## Algebraic Data Types

*NOTE: This is an edit of an article I wrote for Functional
Algebra in 2012.*

## Prerequisites

- Scala 2.10.x or higher

## What forms of Algebraic Data Types (AlgDTs or ADTs for short) are there?

An *algebraic data type* can take many forms:

- Sum type
- Product type
- Recursive type
- Generic type
- Hybrid combination of any of above

We will walk through examples of sum, product, recursive, and generic types below.
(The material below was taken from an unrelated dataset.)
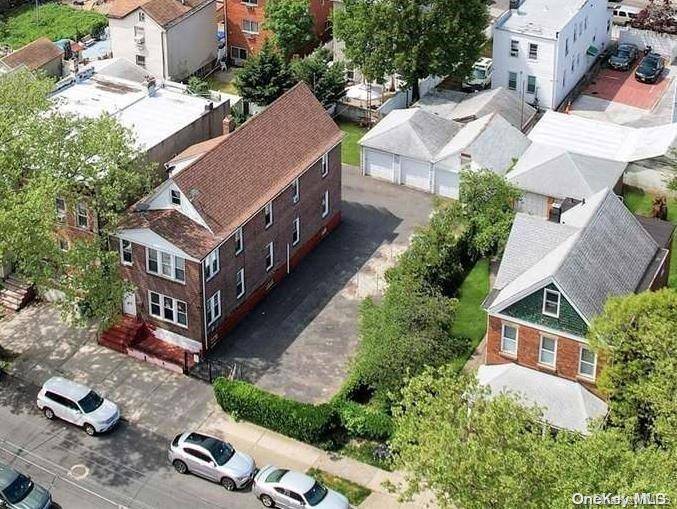 Ozone Park, NY 11416,97-36 105th ST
## Sum Types (aka Tagged Unions)

Synonyms:

- tagged union
- coproduct
- sum type

Similar:

- union type
- enum(eration)

Related:

- product type (or really it’s the categorical dual of a sum type)

Applications:

- a type that has a (humanly) small set of mutually exclusive
value constructions, e.g.
`data Boolean = True | False`

`data UserType = Anonymous | Subscriber | Editor | Admin`

`data CardSuit = Hearts | Spades | Diamonds | Clubs`

Definition:

The notion of a type having a known, and exhaustive list of constructors where the type must be constructed by exactly one of these is known as a

Tagged Union. I have also seen it called asum type. In fact, I much prefer the latter so expect me to use that form in this and later articles.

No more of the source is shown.